De um lado, urge que o sistema burocrático e tributário seja mais flexível com os ambulantes e pequenos comerciantes. São todos empresários à sua moda, fazendo a roda da economia girar.
É bem verdade que eu posso aqui ser facilmente acusada de “liberal”. Mas minha perspectiva é outra: eu concordo com Akhil Gupta (no livro Red Tape) que considera a burocracia uma forma de violência estrutural para com os mais pobres, uma máquina de matar e deixar morrer. É simplesmente uma questão de equação e justiça social.
Da mesma forma, é perfeitamente possível ter uma polícia mais tolerante e preventiva. Uma polícia que informe, dialogue e que não “esculache” – para usar a expressão de Lenin Pires, antropólogo que estuda economia informal.
De outro lado, na busca de um sistema mais equilibrado, precisamos avançar na discussão do que interessa: na taxação dos ricos e na fiscalização de suas fortunas.
Nós vivemos num mundo que – como recentemente analisou Keith Hart, que cunhou o conceito de setor informal nos anos 1970 – a informalidade tomou conta do mundo no século 21 e se legitima sob o guarda chuva da flexibilização do trabalho e do capital.
Mas essa legitimação da informalidade não vale para todos. Só para os ricos.

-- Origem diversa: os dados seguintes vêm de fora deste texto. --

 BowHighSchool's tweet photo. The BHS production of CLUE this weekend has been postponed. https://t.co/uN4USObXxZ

Eu ainda tenho clara em minha memória a cena do camelô Carlos Braga, que morreu nas ruas de São Paulo em 2014 com um tiro na cabeça de um policial militar. Sangue frio. Não houve confronto. Ele apenas tentava defender o seu colega.

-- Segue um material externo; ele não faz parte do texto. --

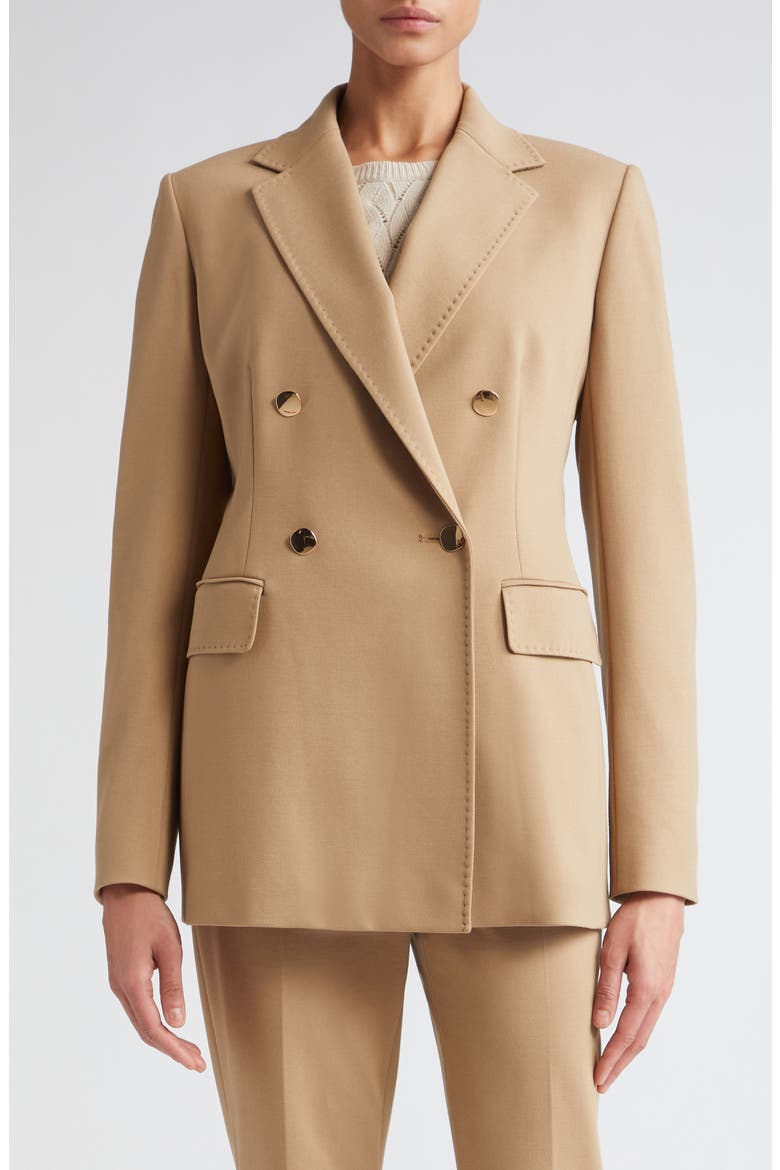 Tatiana Double Breasted Stretch Jersey Blazer, Alternate, color, CAMEL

Diversos vídeos mostram claramente que ele morreu gritando “deixem ele trabalhar”. Os policias foram absolvidos e o caso nunca virou notícia de grande repercussão. Afinal, é apenas um marginal morto. Quiçá, um bandido a menos nas nossas costas.
Tudo é mais fácil quando temos um inimigo, uma história pronta na cabeça que nos autorize a acreditar na safadeza alheia. Tudo é mais complicado, mas infinitamente mais recompensador, quando optamos pelo caminho mais difícil, da escuta e da compreensão histórica.

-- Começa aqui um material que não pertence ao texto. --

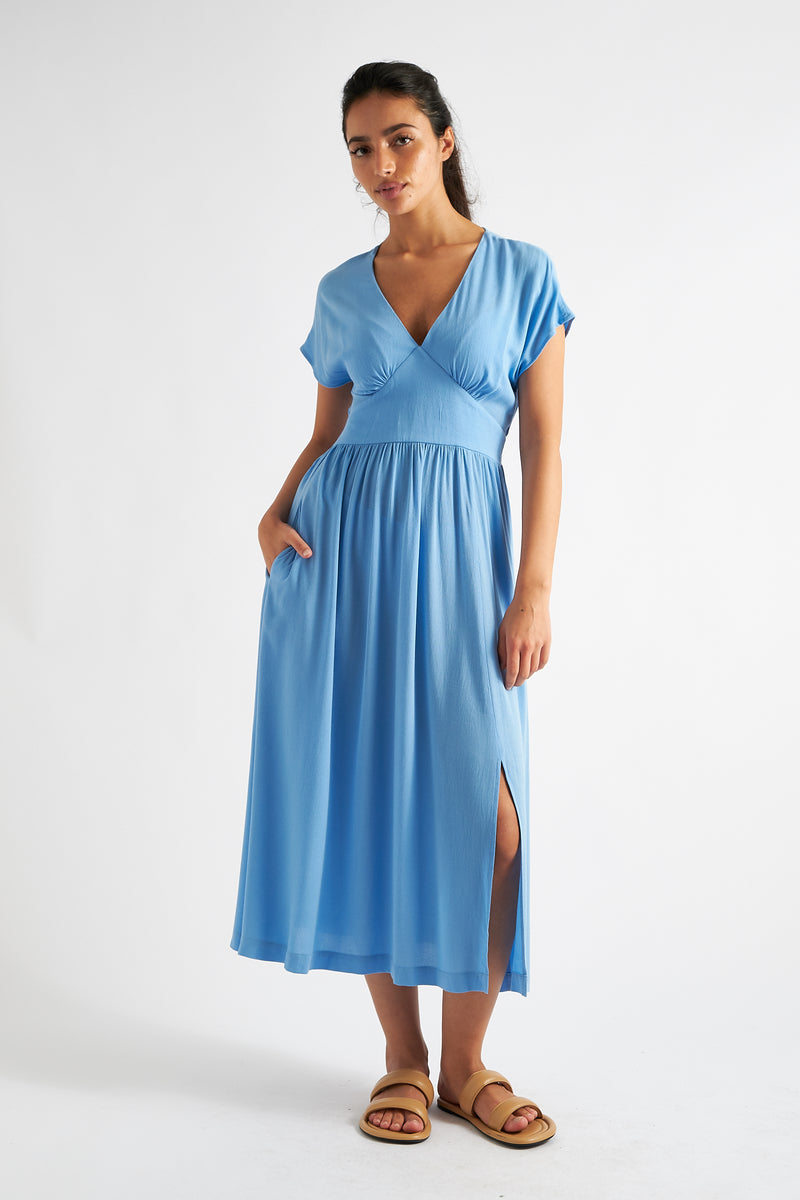 Unity Moss Crepe V-Neck Midi Dress - Blue - Front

Desenvolvimento só existe quando as pessoas trabalham. Desenvolvimento só será viabilizado por meio do entendimento de que os criminosos não são aqueles que vendem “dez pilha a um real”, mas os que, de terno e gravata, assinam contratos obscuros e fraudam licitações.
Formalizar, incluir, legitimar o trabalho daqueles que querem trabalhar é uma tarefa urgente e necessária, mas que está ainda muito longe de nossos horizontes, de nossa cultura legal e de nosso julgamento de sofá.
Não há desenvolvimento social, e nunca haverá, enquanto tratarmos a nossa classe trabalhadora– aquela mesma que segura o país do colapso durante as crises econômicas – como o nossa principal inimiga. Nossos inimigos são outros. E eles estão no poder.